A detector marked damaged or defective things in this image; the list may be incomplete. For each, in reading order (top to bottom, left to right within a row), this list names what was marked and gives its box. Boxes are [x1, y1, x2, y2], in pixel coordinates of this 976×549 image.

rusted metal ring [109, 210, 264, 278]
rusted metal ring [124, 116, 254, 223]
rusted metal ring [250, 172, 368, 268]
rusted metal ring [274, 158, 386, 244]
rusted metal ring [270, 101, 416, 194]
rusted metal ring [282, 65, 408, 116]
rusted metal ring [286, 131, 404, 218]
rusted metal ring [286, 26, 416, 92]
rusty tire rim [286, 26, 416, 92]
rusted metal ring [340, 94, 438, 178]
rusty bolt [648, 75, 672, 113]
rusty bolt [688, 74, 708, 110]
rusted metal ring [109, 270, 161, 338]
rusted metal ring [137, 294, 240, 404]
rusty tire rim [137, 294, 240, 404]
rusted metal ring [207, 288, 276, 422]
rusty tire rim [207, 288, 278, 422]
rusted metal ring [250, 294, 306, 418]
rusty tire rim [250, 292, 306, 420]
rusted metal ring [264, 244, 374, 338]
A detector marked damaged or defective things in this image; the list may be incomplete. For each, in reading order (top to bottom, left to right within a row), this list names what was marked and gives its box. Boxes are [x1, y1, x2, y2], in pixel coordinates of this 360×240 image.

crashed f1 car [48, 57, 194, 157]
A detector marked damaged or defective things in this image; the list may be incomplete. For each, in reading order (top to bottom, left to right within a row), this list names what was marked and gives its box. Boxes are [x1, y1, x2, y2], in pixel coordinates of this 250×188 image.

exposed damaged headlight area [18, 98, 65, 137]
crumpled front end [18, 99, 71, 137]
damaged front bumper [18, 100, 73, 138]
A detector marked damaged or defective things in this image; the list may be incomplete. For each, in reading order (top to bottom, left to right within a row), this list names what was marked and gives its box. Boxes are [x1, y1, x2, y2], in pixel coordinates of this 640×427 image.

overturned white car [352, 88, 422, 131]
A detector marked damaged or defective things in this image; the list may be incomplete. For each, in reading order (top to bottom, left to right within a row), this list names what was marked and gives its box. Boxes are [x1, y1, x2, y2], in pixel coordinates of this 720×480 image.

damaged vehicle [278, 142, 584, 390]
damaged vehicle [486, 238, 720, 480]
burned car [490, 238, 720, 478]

####################

What you need to do
Start at the line containing "this 720×480 image." and return each line up to and including the last line of the material.

Task solution
A detector marked damaged or defective things in this image; the list may be incomplete. For each, in reading order (top to bottom, left to right within a row), this list names what was marked and gives its box. Boxes are [x1, y1, x2, y2], in pixel coordinates of this 720×480 image.

damaged vehicle [278, 142, 584, 390]
damaged vehicle [486, 238, 720, 480]
burned car [490, 238, 720, 478]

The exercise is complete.